=== Section Start ===
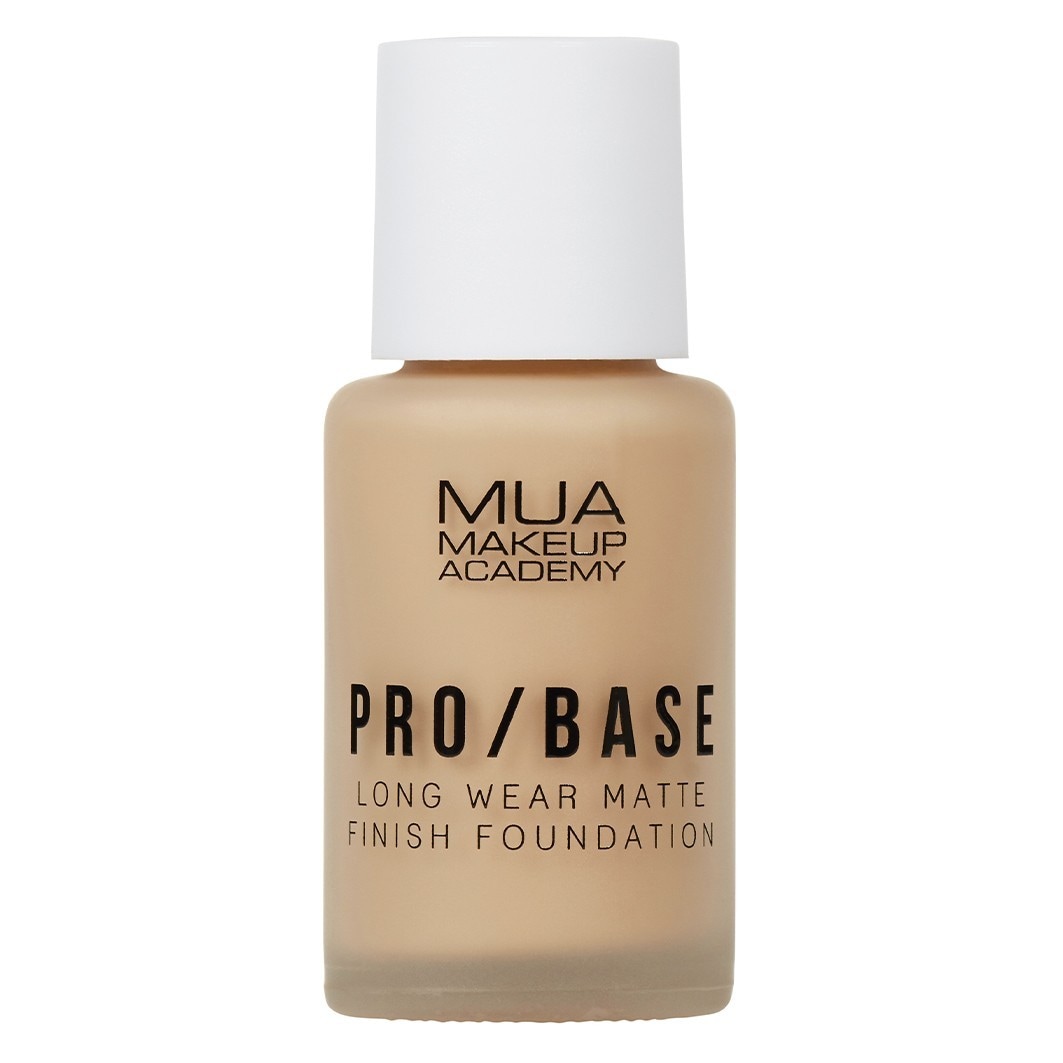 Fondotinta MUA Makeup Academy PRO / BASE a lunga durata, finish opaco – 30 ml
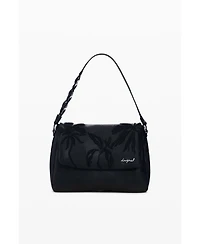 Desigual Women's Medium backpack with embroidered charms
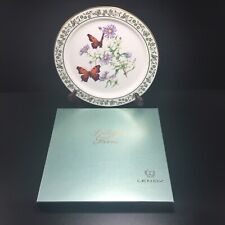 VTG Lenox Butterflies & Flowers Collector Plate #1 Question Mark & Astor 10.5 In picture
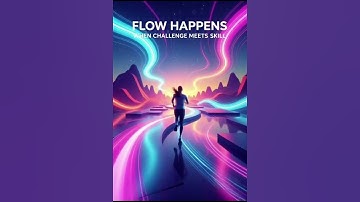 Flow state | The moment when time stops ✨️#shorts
=== Section End ===
ACTIVITY: Find the line with "VTG Lenox Butterflies". Reproduce it and every line after it through the last line above exactly, leaving out the pictures.

OUTPUT OF THE EXERCISE:
 VTG Lenox Butterflies & Flowers Collector Plate #1 Question Mark & Astor 10.5 In picture
 Flow state | The moment when time stops ✨️#shorts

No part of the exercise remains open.